Betts also emphasized the importance of helping students have difficult conversations, a skill that's emphasized in the introductory course.

"We really emphasize at the beginning and throughout the course that there’s a difference between being uncomfortable and unsafe," she said. "We don’t want you to ever feel unsafe, but we’re kind of leaning into that discomfort. So if there is a time that you do feel unsafe, we have a safety word that we would use … Once we hear it we all stop, we pause, we take a break if need be. And if the person who initially said the word wants to share why, we can, but if we’re going to be safe, we’re not going to put that pressure on you to expose why you felt unsafe. We’re going to have difficult conversations -- that’s expected.

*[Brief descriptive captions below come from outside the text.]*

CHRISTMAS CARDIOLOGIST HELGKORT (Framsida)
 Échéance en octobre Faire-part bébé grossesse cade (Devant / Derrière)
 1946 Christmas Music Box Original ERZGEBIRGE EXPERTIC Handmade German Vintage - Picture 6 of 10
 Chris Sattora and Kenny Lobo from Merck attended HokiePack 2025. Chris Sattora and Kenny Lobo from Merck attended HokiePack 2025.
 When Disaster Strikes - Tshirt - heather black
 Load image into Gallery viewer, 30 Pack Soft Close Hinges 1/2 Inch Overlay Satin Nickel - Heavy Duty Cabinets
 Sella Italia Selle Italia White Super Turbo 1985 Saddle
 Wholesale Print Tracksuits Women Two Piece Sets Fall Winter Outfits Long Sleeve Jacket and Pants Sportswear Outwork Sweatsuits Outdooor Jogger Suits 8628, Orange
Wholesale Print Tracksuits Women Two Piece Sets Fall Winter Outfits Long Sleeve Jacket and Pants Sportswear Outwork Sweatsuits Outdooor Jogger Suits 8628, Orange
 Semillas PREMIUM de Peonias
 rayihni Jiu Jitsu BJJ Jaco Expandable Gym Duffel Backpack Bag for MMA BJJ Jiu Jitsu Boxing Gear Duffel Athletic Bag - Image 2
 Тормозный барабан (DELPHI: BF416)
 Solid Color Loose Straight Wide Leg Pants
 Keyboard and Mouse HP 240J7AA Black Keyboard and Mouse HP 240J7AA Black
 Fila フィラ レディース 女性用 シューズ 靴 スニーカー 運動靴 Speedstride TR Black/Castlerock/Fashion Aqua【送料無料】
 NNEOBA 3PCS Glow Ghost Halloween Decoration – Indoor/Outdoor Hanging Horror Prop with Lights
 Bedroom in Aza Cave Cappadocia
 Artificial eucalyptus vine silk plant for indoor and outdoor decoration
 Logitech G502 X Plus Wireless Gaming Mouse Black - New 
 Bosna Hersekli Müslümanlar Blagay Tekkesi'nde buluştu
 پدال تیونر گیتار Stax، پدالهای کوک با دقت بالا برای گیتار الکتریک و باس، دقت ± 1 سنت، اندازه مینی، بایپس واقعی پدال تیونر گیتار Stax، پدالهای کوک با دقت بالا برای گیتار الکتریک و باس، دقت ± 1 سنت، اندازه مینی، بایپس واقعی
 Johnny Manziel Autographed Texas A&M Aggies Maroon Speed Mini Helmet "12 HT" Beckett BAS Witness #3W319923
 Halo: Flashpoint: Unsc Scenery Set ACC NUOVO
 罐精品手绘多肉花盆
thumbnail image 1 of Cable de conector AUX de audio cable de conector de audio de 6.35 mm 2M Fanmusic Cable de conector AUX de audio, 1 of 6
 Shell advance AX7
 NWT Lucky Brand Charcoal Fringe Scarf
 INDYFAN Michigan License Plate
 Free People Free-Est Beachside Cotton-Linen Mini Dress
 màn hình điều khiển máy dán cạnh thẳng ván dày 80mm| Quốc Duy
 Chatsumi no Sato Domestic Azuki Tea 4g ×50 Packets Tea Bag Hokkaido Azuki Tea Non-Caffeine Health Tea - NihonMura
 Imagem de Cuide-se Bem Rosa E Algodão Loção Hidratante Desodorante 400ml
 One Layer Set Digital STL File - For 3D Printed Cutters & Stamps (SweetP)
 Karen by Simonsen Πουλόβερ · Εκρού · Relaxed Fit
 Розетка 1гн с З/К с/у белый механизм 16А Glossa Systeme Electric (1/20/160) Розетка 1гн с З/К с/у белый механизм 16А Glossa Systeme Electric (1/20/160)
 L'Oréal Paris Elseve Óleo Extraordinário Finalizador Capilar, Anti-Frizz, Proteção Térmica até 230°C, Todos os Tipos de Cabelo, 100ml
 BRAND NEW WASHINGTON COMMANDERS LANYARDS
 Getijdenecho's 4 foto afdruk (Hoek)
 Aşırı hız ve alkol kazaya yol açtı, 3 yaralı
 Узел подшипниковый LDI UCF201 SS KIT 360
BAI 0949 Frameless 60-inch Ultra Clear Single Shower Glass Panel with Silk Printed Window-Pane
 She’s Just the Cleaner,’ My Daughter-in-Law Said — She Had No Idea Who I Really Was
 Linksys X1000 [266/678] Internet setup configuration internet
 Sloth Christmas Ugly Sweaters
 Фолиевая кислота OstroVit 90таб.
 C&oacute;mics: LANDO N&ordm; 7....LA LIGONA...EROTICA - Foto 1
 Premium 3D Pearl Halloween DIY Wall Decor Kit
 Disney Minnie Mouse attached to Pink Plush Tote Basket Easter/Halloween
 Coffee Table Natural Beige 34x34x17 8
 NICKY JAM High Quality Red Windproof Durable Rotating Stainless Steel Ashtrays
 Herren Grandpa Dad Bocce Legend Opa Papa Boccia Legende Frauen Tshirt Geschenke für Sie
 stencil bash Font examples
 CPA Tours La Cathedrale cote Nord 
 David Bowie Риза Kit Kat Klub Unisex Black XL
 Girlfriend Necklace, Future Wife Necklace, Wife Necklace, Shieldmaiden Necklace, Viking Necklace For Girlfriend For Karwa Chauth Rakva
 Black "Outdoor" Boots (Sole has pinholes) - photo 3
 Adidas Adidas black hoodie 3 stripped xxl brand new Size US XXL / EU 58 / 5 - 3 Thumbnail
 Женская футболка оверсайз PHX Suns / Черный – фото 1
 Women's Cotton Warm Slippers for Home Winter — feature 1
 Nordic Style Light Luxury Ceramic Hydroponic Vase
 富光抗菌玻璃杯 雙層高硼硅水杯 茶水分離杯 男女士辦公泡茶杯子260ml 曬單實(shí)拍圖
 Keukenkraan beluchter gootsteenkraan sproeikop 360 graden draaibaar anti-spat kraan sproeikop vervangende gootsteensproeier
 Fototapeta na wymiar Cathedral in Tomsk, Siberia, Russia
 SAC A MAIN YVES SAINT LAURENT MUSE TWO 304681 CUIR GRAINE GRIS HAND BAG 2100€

But here’s how we navigate it, and how can we build the skills so that we can do the same things in other aspects of our lives."

The first race and ethnic studies programs at U.S. universities were established in the late 1960s and early 1970s at institutions such as San Francisco State University and the University of California, Berkeley. While the field is not new, colleges are increasingly facing pressures from students, especially students of color, to rethink their curricula to incorporate race and ethnic studies classes at a time when the country is grappling with racial justice issues and college campuses are increasingly at the center of debates about racial and income inequality.

A law signed last year by California governor Gavin Newsom mandates that all students in the 23-campus California State University system take a three-credit ethnic studies class before they graduate.

Ravi K. Perry, professor and chair of the politics department at Howard University and the immediate past president of the Association for Ethnic Studies, said he was not surprised to see a new program at a university like Longwood.

"The fact that I would say more rural, more white institutions are seemingly increasingly thinking about ways to diversify their curriculum is not necessarily a surprise," he said. "We can see how ethnic studies began and draw parallels between what’s going on in the world today. In the ’60s, ethnic studies started post the civil rights movement largely because students sought to have Black studies, Africana studies or whatever version we want to call it be offered in schools."

"My point in drawing the parallels to today is it all is fed from social unrest in society that students then pick up on and then place demands on their university administrators, who see to it that they get to learn about themselves and others like them while they are completing their studies," Perry said. "That is the reason for why we see the uptick in ethnic studies energy today."